Copy nothing but the lines below, from the one with "Otherwise check to" through the one with "When you join", exactly as written; no pictures should appear.

── Data to process ──

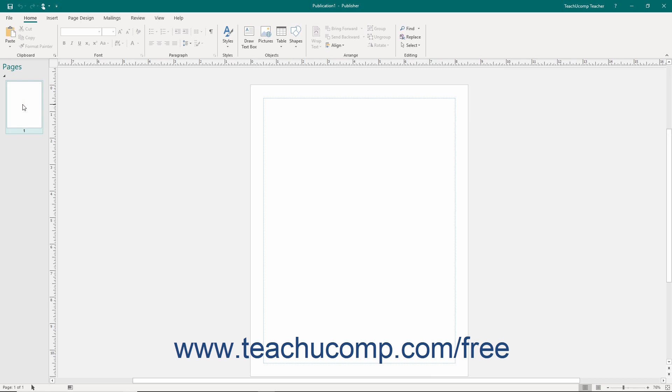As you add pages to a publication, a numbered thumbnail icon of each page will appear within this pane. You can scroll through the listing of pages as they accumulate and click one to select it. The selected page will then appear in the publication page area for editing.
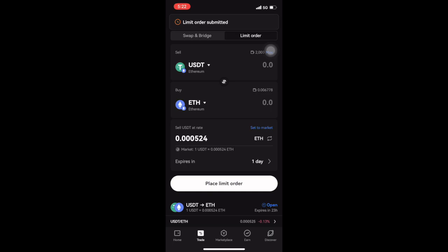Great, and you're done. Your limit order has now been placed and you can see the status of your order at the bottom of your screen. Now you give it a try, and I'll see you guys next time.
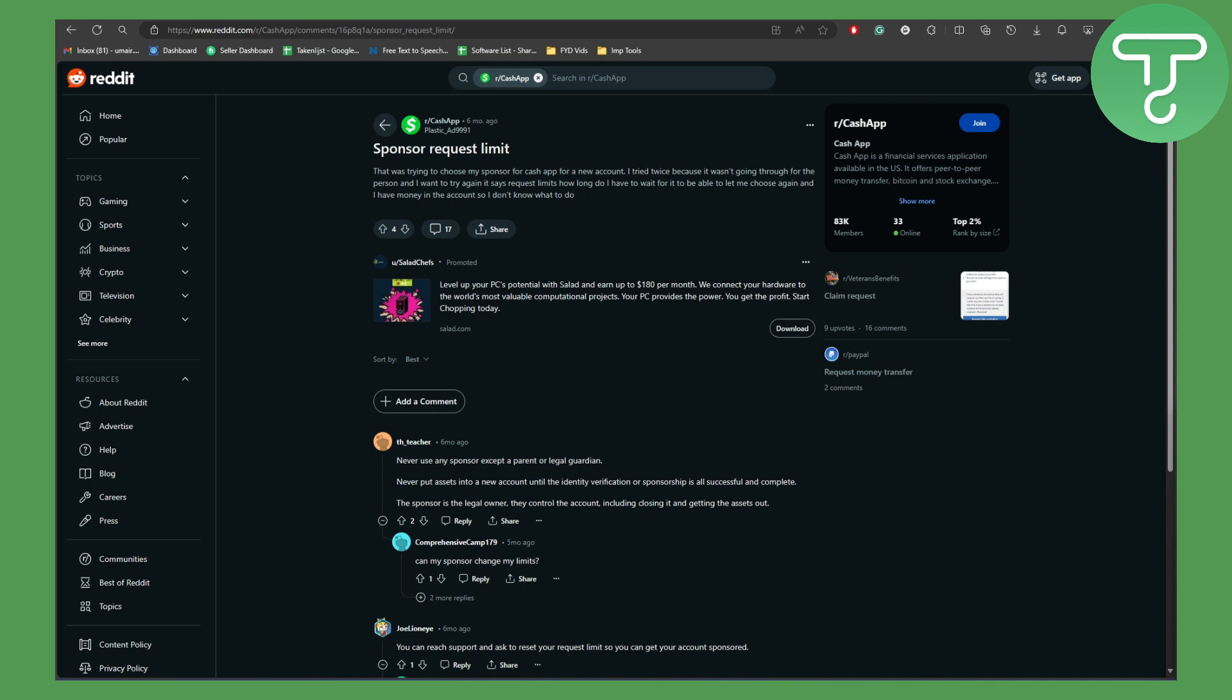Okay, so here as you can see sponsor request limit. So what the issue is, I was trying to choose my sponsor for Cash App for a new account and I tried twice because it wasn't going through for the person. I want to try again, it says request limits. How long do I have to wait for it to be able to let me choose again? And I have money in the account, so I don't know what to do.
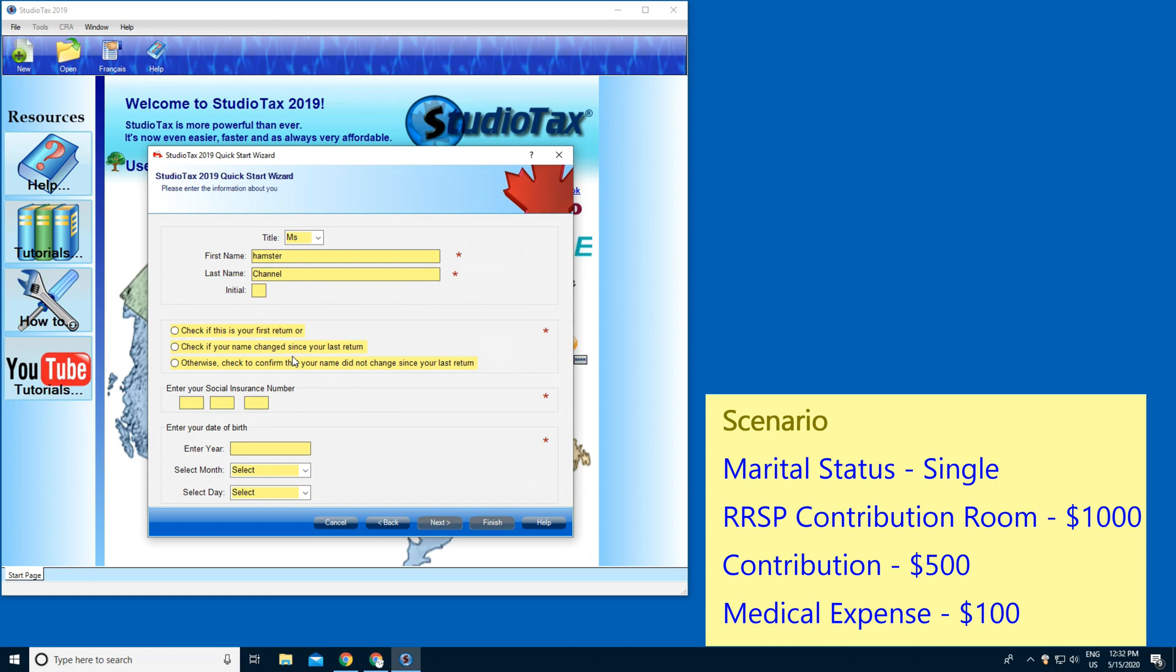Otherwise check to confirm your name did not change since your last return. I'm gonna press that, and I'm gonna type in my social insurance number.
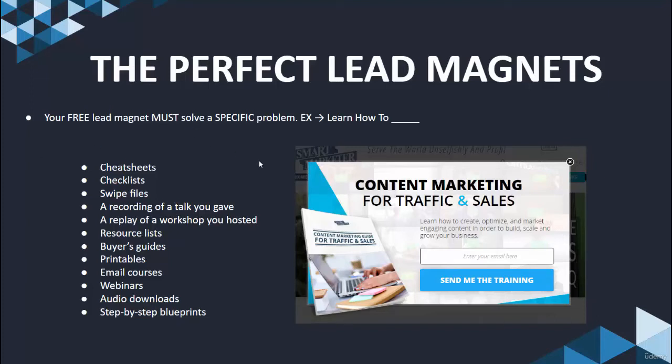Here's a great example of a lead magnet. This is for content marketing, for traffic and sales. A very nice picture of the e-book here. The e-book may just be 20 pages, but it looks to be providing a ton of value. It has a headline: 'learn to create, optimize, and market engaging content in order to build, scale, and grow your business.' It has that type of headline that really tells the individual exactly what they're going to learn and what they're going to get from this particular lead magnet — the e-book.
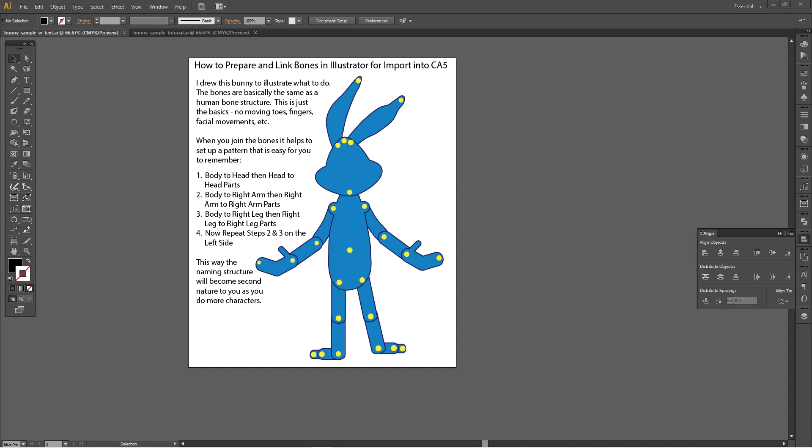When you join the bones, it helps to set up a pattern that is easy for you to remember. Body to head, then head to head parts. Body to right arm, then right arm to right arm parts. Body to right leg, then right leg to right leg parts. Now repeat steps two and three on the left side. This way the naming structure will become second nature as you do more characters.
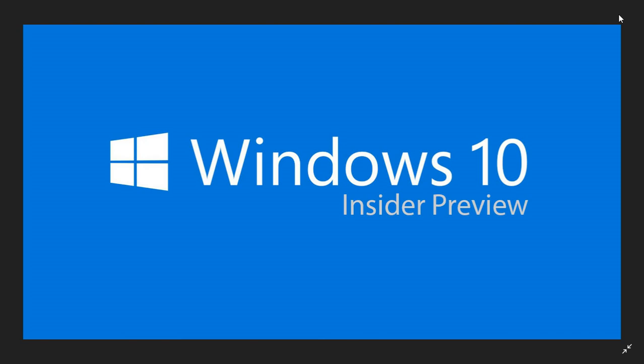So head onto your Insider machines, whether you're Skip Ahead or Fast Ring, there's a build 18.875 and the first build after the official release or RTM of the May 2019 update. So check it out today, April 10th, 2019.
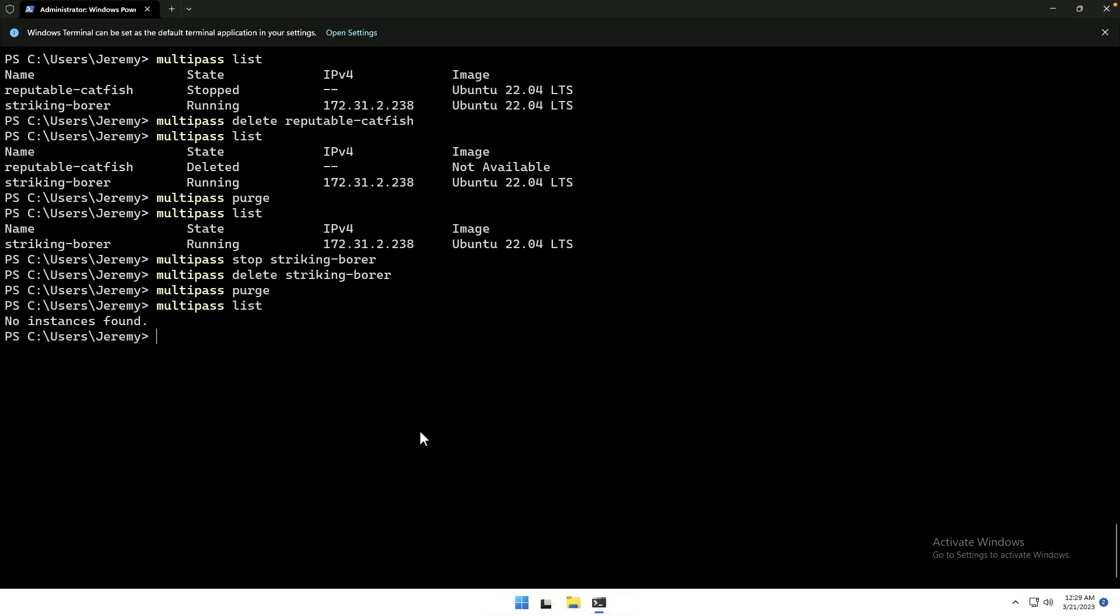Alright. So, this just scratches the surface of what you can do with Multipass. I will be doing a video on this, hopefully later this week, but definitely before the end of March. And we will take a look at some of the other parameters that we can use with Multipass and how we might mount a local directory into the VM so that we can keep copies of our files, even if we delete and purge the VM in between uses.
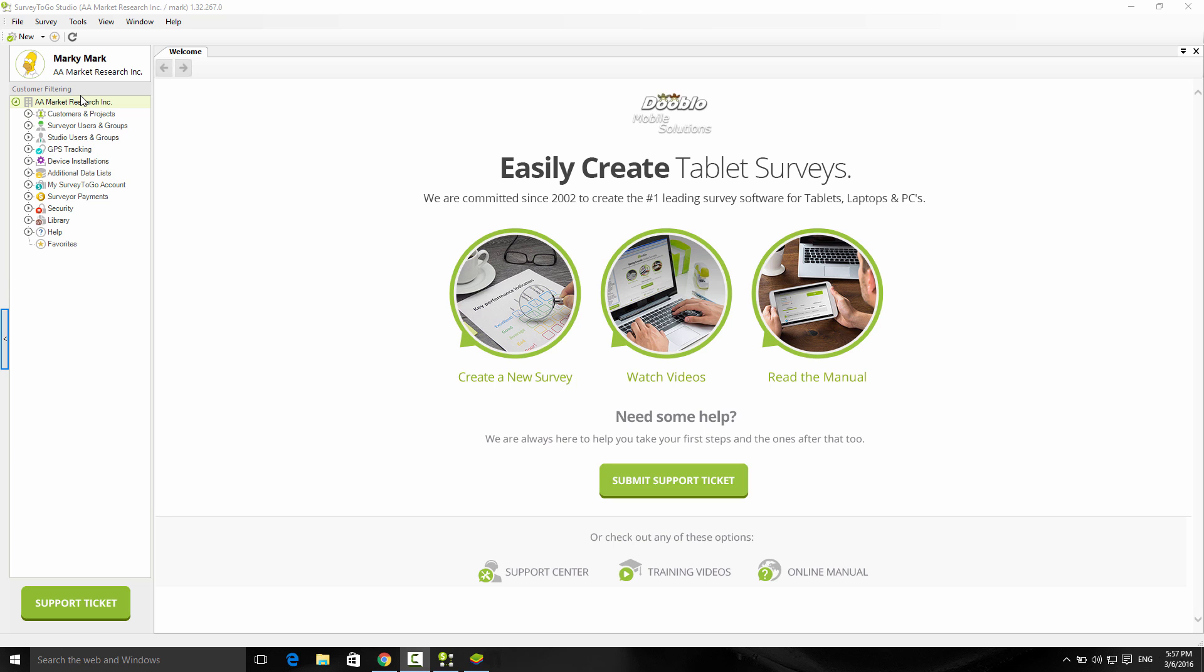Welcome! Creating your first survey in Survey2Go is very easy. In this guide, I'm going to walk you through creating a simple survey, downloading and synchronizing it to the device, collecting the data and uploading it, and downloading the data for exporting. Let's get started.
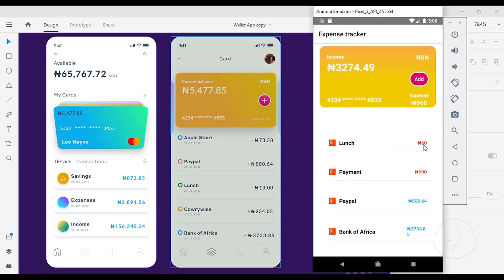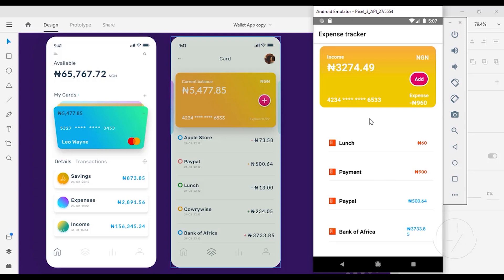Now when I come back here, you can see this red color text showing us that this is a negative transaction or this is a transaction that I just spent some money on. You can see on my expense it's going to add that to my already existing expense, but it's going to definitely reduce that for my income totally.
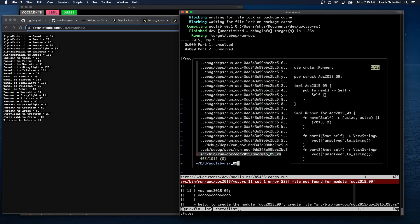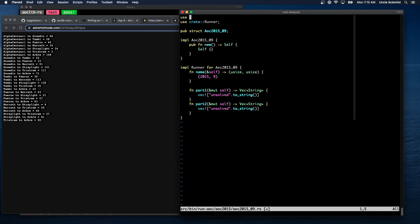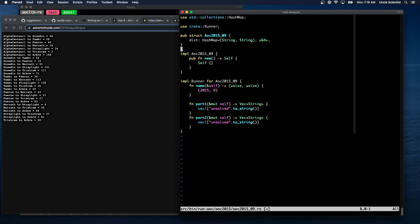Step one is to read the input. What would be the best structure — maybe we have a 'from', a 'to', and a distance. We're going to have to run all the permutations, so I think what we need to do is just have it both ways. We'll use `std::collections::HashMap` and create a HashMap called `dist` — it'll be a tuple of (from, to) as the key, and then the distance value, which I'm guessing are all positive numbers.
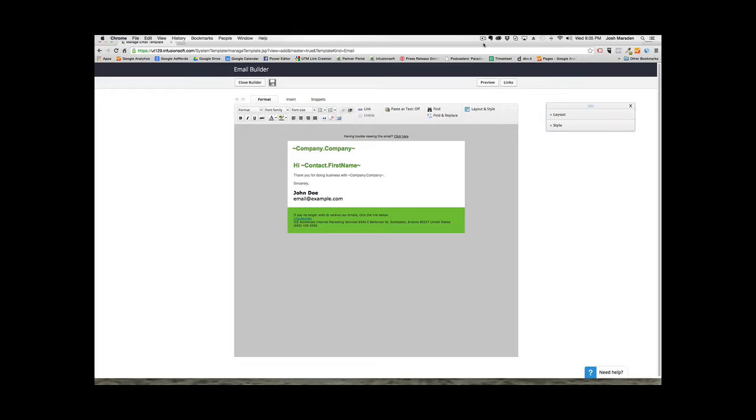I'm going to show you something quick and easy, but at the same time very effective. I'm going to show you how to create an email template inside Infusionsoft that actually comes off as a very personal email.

───

*Answer box*
Otherwise check to confirm your name did not change since your last return. I'm gonna press that, and I'm gonna type in my social insurance number.
Here's a great example of a lead magnet. This is for content marketing, for traffic and sales. A very nice picture of the e-book here. The e-book may just be 20 pages, but it looks to be providing a ton of value. It has a headline: 'learn to create, optimize, and market engaging content in order to build, scale, and grow your business.' It has that type of headline that really tells the individual exactly what they're going to learn and what they're going to get from this particular lead magnet — the e-book.
When you join the bones, it helps to set up a pattern that is easy for you to remember. Body to head, then head to head parts. Body to right arm, then right arm to right arm parts. Body to right leg, then right leg to right leg parts. Now repeat steps two and three on the left side. This way the naming structure will become second nature as you do more characters.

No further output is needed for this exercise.